═════ MATERIAL PROVIDED
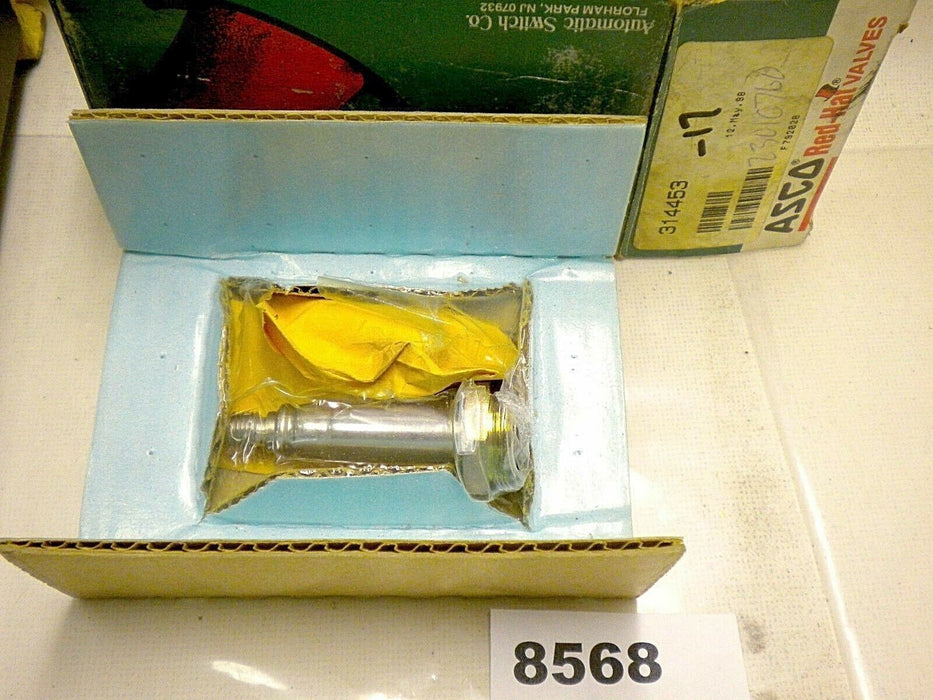 ASCO 314453 Rebuild Kit for 8316 DC Solenoid Valve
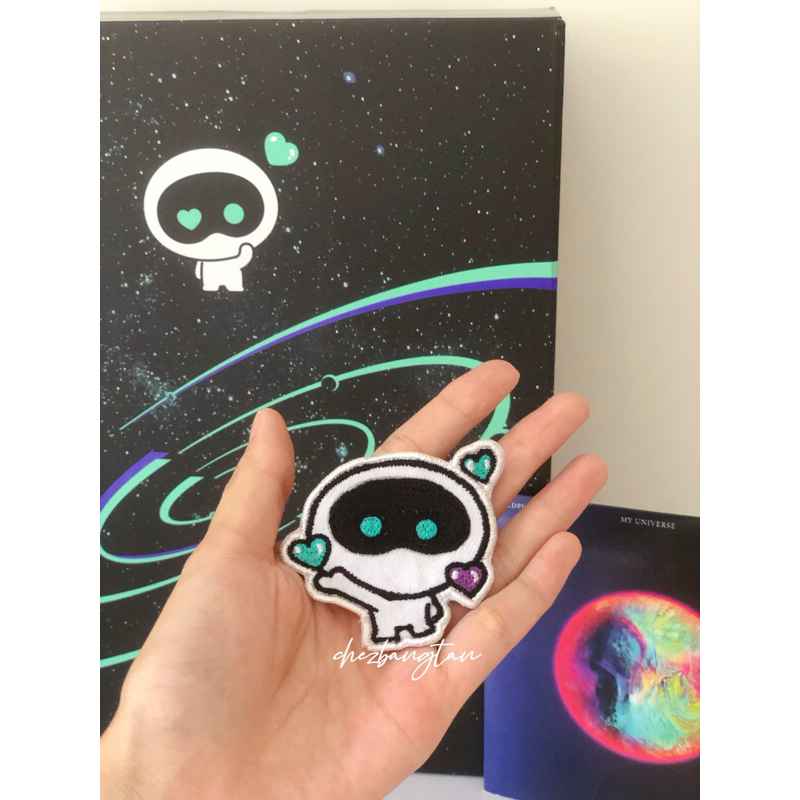 Patch Coldplay x Wootteo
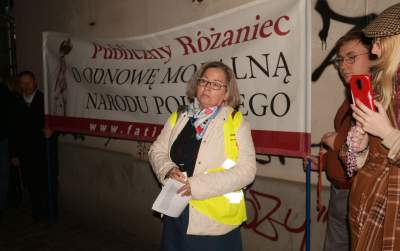 "Publiczny różaniec o odnowę moralną narodu polskiego" - zdjęcie 8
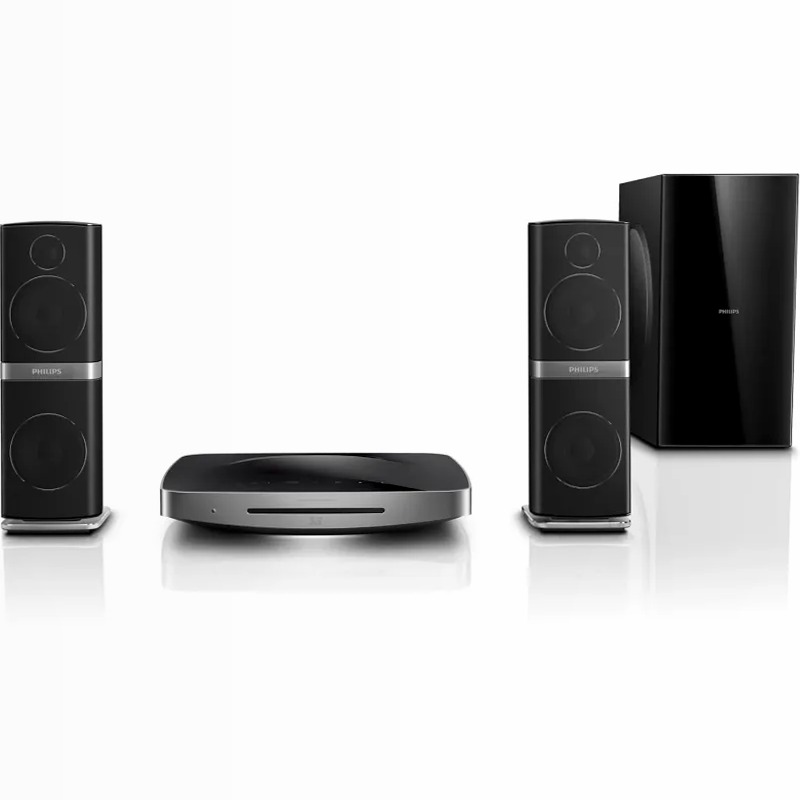 Home Theater 2.1 Philips HTB7250D Blu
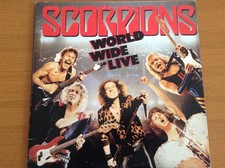 Scorpions world wide - wide, live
══════════
> _EXERCISE BRIEF_:
In the entries above, find the line containing "Patch Coldplay x Wootteo". Transcribe it and every later line to the end, exactly, and leave out the pictures.

> _FINISHED EXERCISE_:
 Patch Coldplay x Wootteo
 "Publiczny różaniec o odnowę moralną narodu polskiego" - zdjęcie 8
 Home Theater 2.1 Philips HTB7250D Blu
 Scorpions world wide - wide, live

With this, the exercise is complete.